The current study confirmed the usefulness of the applied approach for the quality assessment of stored berries. The development of innovative models using selected image texture parameters and traditional machine learning algorithms allowed for correct distinguishing fresh grape berries and samples stored at different conditions in an objective and non-destructive manner. The applied approach can have practical applications for the determination of changes in grape berries caused by the storage. However, future research may be performed involving more in-depth use of texture parameters extracted from images acquired using various techniques coupled with traditional machine learning and deep learning algorithms to determine changes in the structure of grapes stored with advanced technologies.

Conclusion

The current study evaluated the feasibility of the comparison of three storage conditions ( – 18 °C, + 4 °C, and room temperature) of grapes based on textural image analysis. The results revealed that grape berries stored under different conditions can be distinguished using models based on selected image textures developed using machine learning algorithms.

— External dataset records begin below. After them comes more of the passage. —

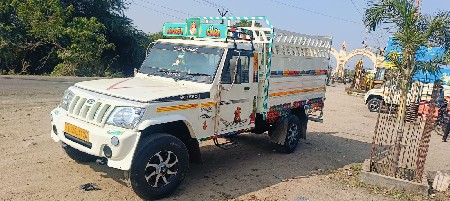 બોલેરો પીકપ સાદી ડીઆઈ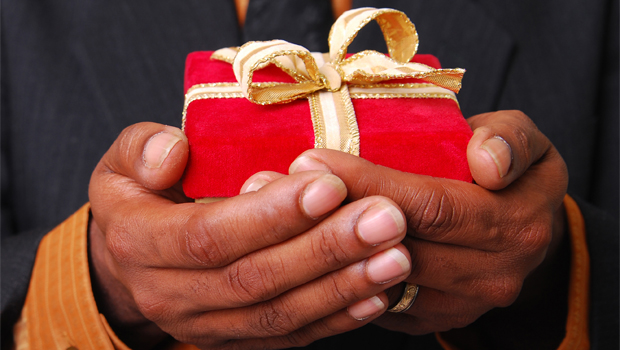 Sara Chatwin: Raise your kids to be grateful for their Christmas gifts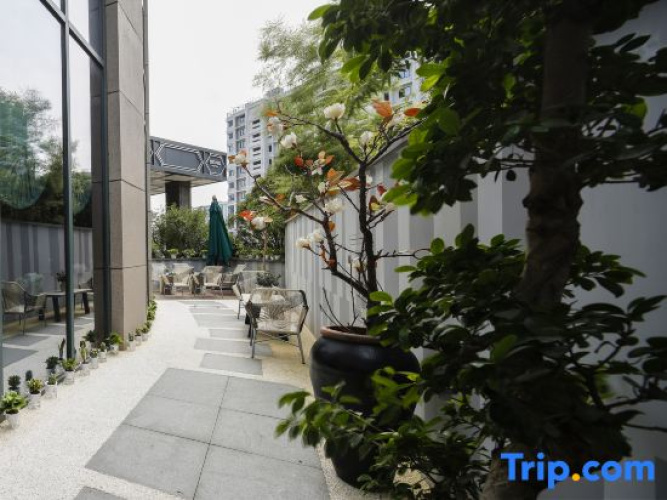 Yage Hotel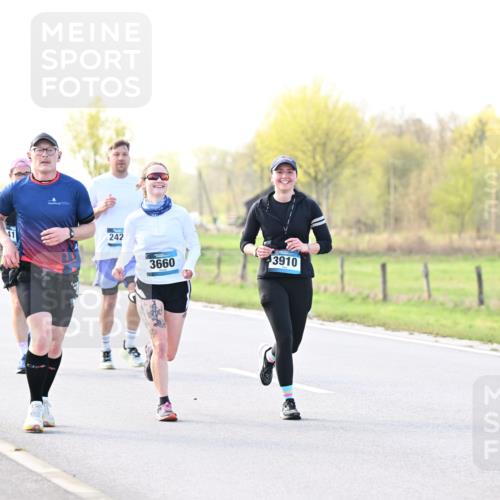12.04.2026 - 45. Internationalen Wilhelmsburger Insellauf Dr. Thomas Lammeyer http://msf.ph/oto/9448623 12.04.2026 10:35:42 Laufen 242, 3660, 3910 meine-sportfotos.de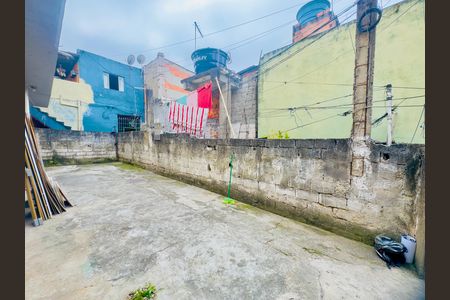 Casa para alugar com 56m², 2 quartos e sem vaga Casa para alugar com 56m², 2 quartos e sem vagaQuintal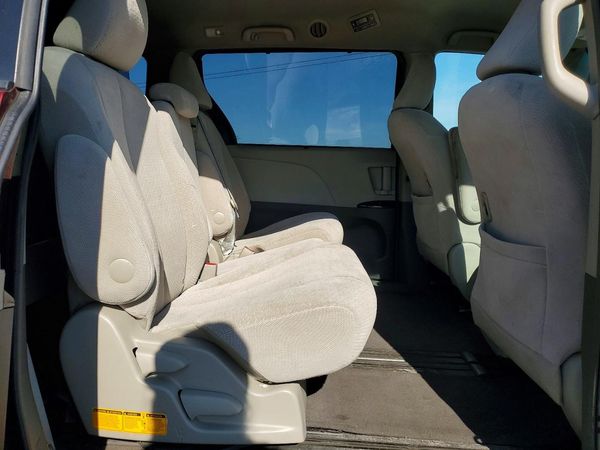 2013 TOYOTA SIENNA
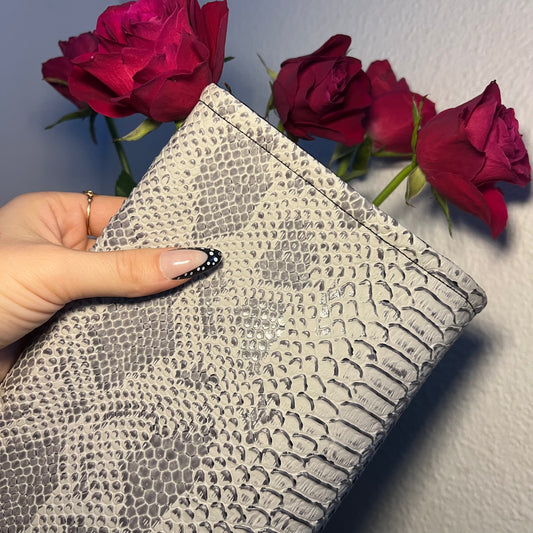 Pochette livre personnalisée - Simili Cuir Dragon Gris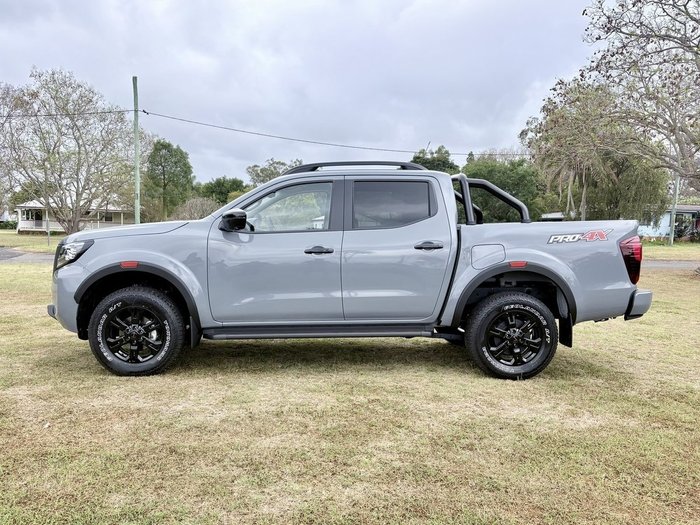 2025 NISSAN NP300 NAVARA PRO-4X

The most accurate models for the classification of fresh grape samples and fruit stored in a freezer, refrigerator and room for 4 weeks involved selected textures extracted from images in color channels R, G, B, L, a, and b. The Random Forest machine learning algorithm turned out to be the most effective and accurate providing an overall accuracy of 96%. The innovative models developed using selected textures and machine learning algorithms can be used in practice for the non-destructive and objective assessment of changes occurring under different storage conditions of fruits and vegetables.